If your child complains of intense itchiness or a "tickling" feeling in the scalp, it might be time to consider the unthinkable - that he's come down with head lice. If you've never encountered these pesky parasites before, your first question is probably, "what does head lice look like?" This article details the different types of head lice and how to detect these tiny pests.
There are three types of head lice: the nit, the nymph and the adult louse. The nit is a tiny, oval louse egg. Because nits are usually white and attach to the hair shaft close to the scalp, they resemble flakes of dandruff. But unlike dandruff, nits can't be removed by using dandruff shampoo and are hard to brush away with a comb. Left on the hair shaft, a nit will hatch into a nymph, or baby louse, in about seven to eight days.
The baby head louse looks like a small version of an adult head louse.
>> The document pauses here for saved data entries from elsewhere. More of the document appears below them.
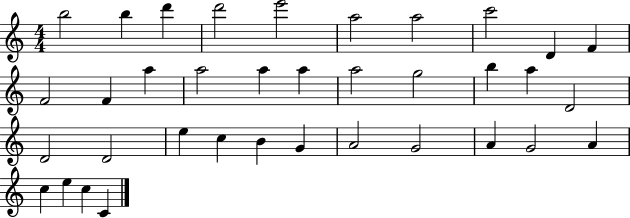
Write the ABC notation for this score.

X:1
T:Untitled
M:4/4
L:1/4
K:C
b2 b d' d'2 e'2 a2 a2 c'2 D F F2 F a a2 a a a2 g2 b a D2 D2 D2 e c B G A2 G2 A G2 A c e c C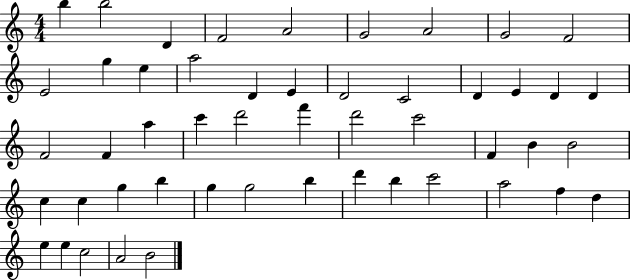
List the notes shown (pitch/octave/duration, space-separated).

B5/q B5/h D4/q F4/h A4/h G4/h A4/h G4/h F4/h E4/h G5/q E5/q A5/h D4/q E4/q D4/h C4/h D4/q E4/q D4/q D4/q F4/h F4/q A5/q C6/q D6/h F6/q D6/h C6/h F4/q B4/q B4/h C5/q C5/q G5/q B5/q G5/q G5/h B5/q D6/q B5/q C6/h A5/h F5/q D5/q E5/q E5/q C5/h A4/h B4/h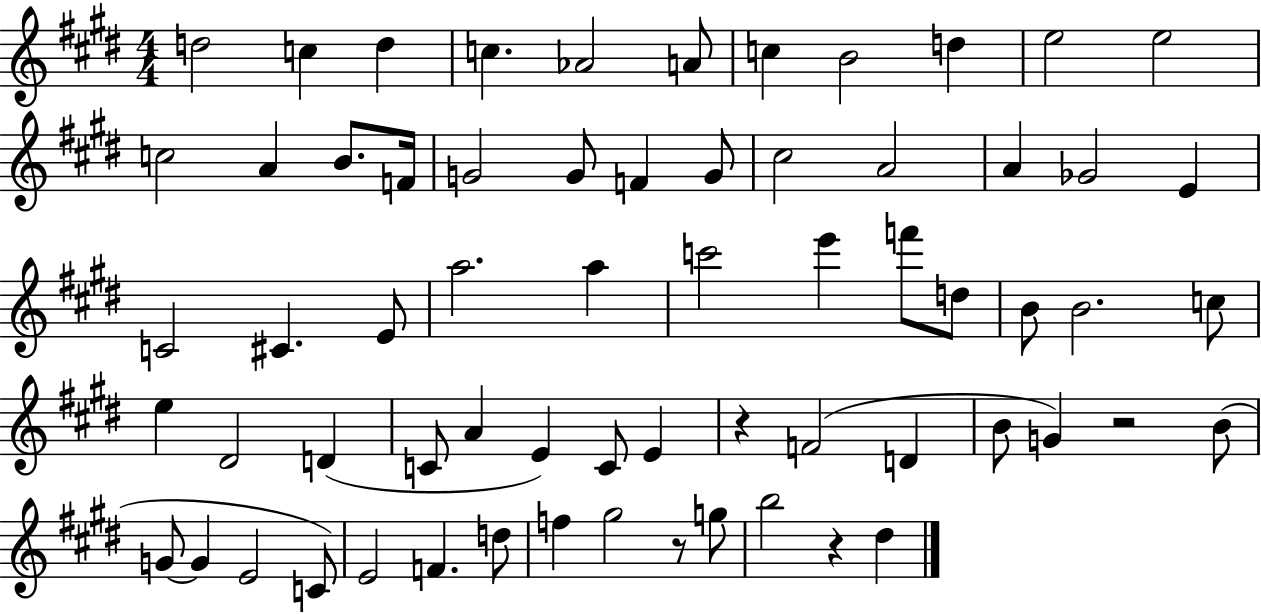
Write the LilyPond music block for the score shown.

{
  \clef treble
  \numericTimeSignature
  \time 4/4
  \key e \major
  \repeat volta 2 { d''2 c''4 d''4 | c''4. aes'2 a'8 | c''4 b'2 d''4 | e''2 e''2 | \break c''2 a'4 b'8. f'16 | g'2 g'8 f'4 g'8 | cis''2 a'2 | a'4 ges'2 e'4 | \break c'2 cis'4. e'8 | a''2. a''4 | c'''2 e'''4 f'''8 d''8 | b'8 b'2. c''8 | \break e''4 dis'2 d'4( | c'8 a'4 e'4) c'8 e'4 | r4 f'2( d'4 | b'8 g'4) r2 b'8( | \break g'8~~ g'4 e'2 c'8) | e'2 f'4. d''8 | f''4 gis''2 r8 g''8 | b''2 r4 dis''4 | \break } \bar "|."
}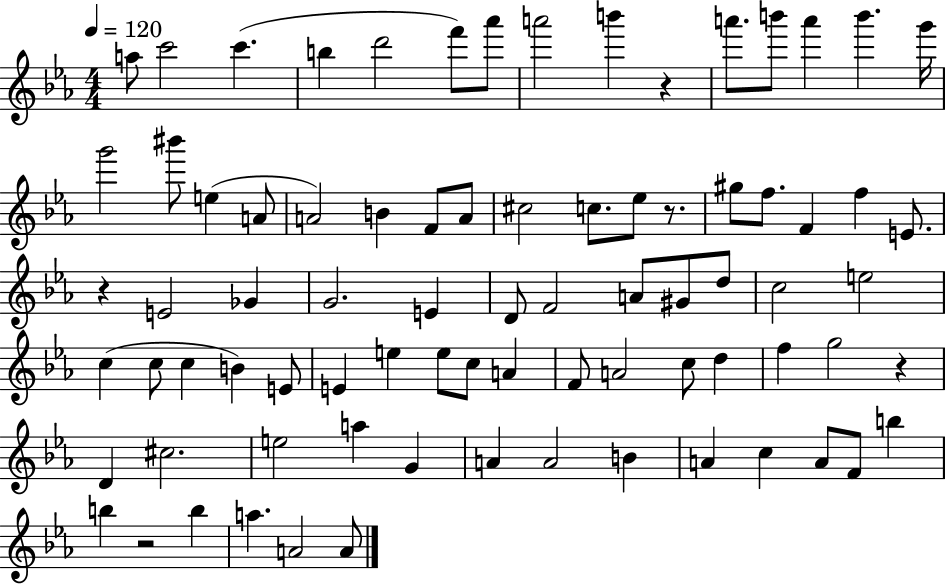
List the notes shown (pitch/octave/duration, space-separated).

A5/e C6/h C6/q. B5/q D6/h F6/e Ab6/e A6/h B6/q R/q A6/e. B6/e A6/q B6/q. G6/s G6/h BIS6/e E5/q A4/e A4/h B4/q F4/e A4/e C#5/h C5/e. Eb5/e R/e. G#5/e F5/e. F4/q F5/q E4/e. R/q E4/h Gb4/q G4/h. E4/q D4/e F4/h A4/e G#4/e D5/e C5/h E5/h C5/q C5/e C5/q B4/q E4/e E4/q E5/q E5/e C5/e A4/q F4/e A4/h C5/e D5/q F5/q G5/h R/q D4/q C#5/h. E5/h A5/q G4/q A4/q A4/h B4/q A4/q C5/q A4/e F4/e B5/q B5/q R/h B5/q A5/q. A4/h A4/e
Adult head lice are about the size of a sesame seed or a strawberry seed, and nymphs are even smaller. Nymphs quickly grow to adult size in about a week. What makes them grow? Feeding on the blood in the scalp - without that blood, head lice die in a few days. Both the nymph and adult head louse have six legs and vary in color, from white, brown or gray.
Though head lice are small, you may be able to spot them if you look carefully. Check the hair near the scalp, the area behind the ears and the nape of the neck.
An itchy scalp is a common indicator of head lice. As lice feed on the blood in the scalp, their saliva may trigger an allergic reaction that causes intense itching. In some cases, head lice can be present for weeks before any itching develops.
Those with head lice also may feel a crawling, tickling feeling in their scalp. Small red sores or bumps on the scalp and neck are another indication of head lice. They can result from scratching or an allergic reaction to head lice saliva. These uncomfortable sensations can also cause overall irritability.
Fortunately, there are several successful treatments for head lice. These include washing the hair and scalp with a medicated shampoo, applying over-the-counter or prescription creams or lotions or taking a prescription pill. Your physician can evaluate the severity of a head lice infestation and tell you the best way to treat a particular case. In addition to treating lice on the body, it's important to inspect clothes, bedding or other items in your home for signs of lice. The Mayo Clinic's Self-Care Tips Web site is a great online source with tips for eliminating lice.